Since there are so many and varied ways that we can be exposed to loss of control, and there is no way to anticipate them all, how do we as pilots deal with the issue? One way is to recognize trouble when we see it. Just as when we are driving a car, we need to be able to know when we are entering a dangerous neighborhood. “Dangerous neighborhoods” for loss of control include those situations that put Martha and me at risk — like maneuvering over landmarks, flying with low ceilings and/or visibilities, and unusual maneuvering in the traffic pattern, particularly when turning base to final. Bad neighborhoods for IFR loss of control include flying IFR when not proficient and flying in icing conditions.
The reason why we study aviation knowledge and risk management is so we will learn when we are entering these dangerous neighborhoods. We need to be able to “smell” trouble. It is part of our situational awareness.

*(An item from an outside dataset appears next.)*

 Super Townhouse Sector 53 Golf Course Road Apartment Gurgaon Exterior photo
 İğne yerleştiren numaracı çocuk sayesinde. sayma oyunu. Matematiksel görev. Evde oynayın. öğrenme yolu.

Martha and I are proof that pilots don’t always stay out of dangerous neighborhoods. Sometimes avoiding loss of control requires good stick and rudder skills. When we talk about stick and rudder skills, we are often thinking mostly about the physical manipulation of the controls. But knowing what to do with the controls and when is key. That requires a sensitive “seat of the pants” — a feel for what the airplane is doing. There are many “sensitivities” that help us avoid loss of control, but two in particular are essential.
First is a sensitivity as to whether the longitudinal axis is yawed directly into the relative wind without looking at the slip/skid indicator. When the airplane is neither slipping nor skidding, the wings are equally exposed to the relative wind. So if the aircraft stalls, it won’t tend to spin, and recovery is much easier. Keeping the nose yawed directly into the wind has the bonus of making the fight much more comfortable for the aircraft’s occupants.
Second is load factor sensitivity — an awareness of when there is more than one G on the seat of the pants. High load factor causes the airplane to stall at much higher speeds with much less warning. Load factor can come from turbulence and changing our pitch attitude, but the most common source of load factor that leads to surprise loss of control is steep banks with back pressure.
Pilots who have these two sensitivities are far more likely to keep their airplane under control even if they stray inadvertently into a “dangerous neighborhood.” Martha’s first instructor put special effort into seeing that she had learned these sensitivities. It is easy for pilots who do most of their flying in jets to lose the habit of keeping the nose yawed directly into the wind. It is not a problem for me, though, because thanks to her primary instructor, Martha is very sensitive to it and helpfully points out to me whenever I need more rudder.